For example, according to one of the earliest accounts, the Latin Chronicle of 754, the Muslims “long plundered and godlessly invaded Spain to destroy it.” On landing there, they “ruined beautiful cities, burning them with fire; condemned lords and powerful men to the cross; and butchered youths and infants with the sword.”  As for Musa bin Nusayr, the supreme general of the expedition whom al-Salabi praises in his article for his unswerving piety, “He terrorized everyone.”

Some may object that the Chronicle of 754 was written by an ungrateful Christian infidel, who failed to appreciate Islam’s altruistic intentions.  Unfortunately for them, the Muslim’s own sources are just as, if not more, explicit that the conquest of Spain was heavily motivated by thoughts of plunder.

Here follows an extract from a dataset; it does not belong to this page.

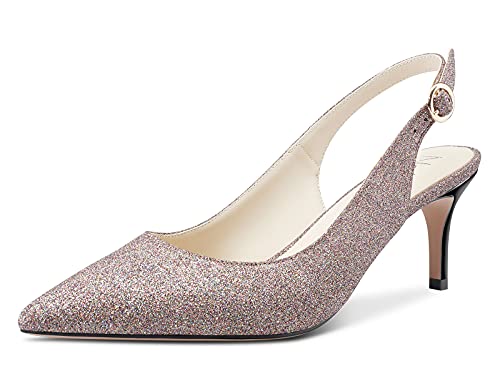 NobleOnly Women's Slingback Kitten Heels Pumps Comfortable Leather Mid Heel Pointed Toe Stiletto Office Classic Shoes 6 cm Heel Golden Glitter 9 M US NobleOnly Women's Slingback Kitten Heels Pumps Comfortable Leather Mid Heel Pointed Toe Stiletto Office Classic Shoes 6 cm Heel Golden Glitter 9 M US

Thus, according to one of the earliest Arab historians on the conquest of Spain, Ibn Abd al-Hakam (b. 803), “When the Muslims conquered Spain, they looted it and committed many frauds [emphasis added].”  Similarly, the important Arab historian Ahmed Muhammad al-Maqqari, whom al-Salabi (selectively) quotes in his article, writes that, after General Tarek’s initial successes in Spain, “when the people on the other side of the straits [in Africa] heard of… the plentiful spoils he had acquired [including many slaves], they flocked to him from all quarters, and crossed the sea on every vessel or bark they could lay hold of. Tarek’s army being so considerably reinforced, the Christians were obliged to shut themselves up in their castles and fortresses, and, quitting the flat country, betake themselves to their mountains.” And so it went; Tarek continued to penetrate northward into Spain, “not passing a place without reducing it, and getting possession of its wealth, for Allah Almighty had struck with terror the hearts of the infidels.” 

Such terror was only augmented when the invaders chopped up, cooked, and “pretended” to eat some of their Christian captives, as al-Hakam relates.  In another memorable incident, a number of leading Christians and their people holed themselves up in a church in Córdoba. According to al-Maqqari, although “the besieged had no hopes of deliverance, they were so obstinate that when safety was offered to them on condition either of embracing Islam, or paying jizya, they refused to surrender, and the church being set on fire, they all perished in the flames.” 

So much, then, for Dr. al-Salabi’s claim that the Muslim conquest of Spain was about “turning the page of injustice and tyranny to a new page of progress and civilization.”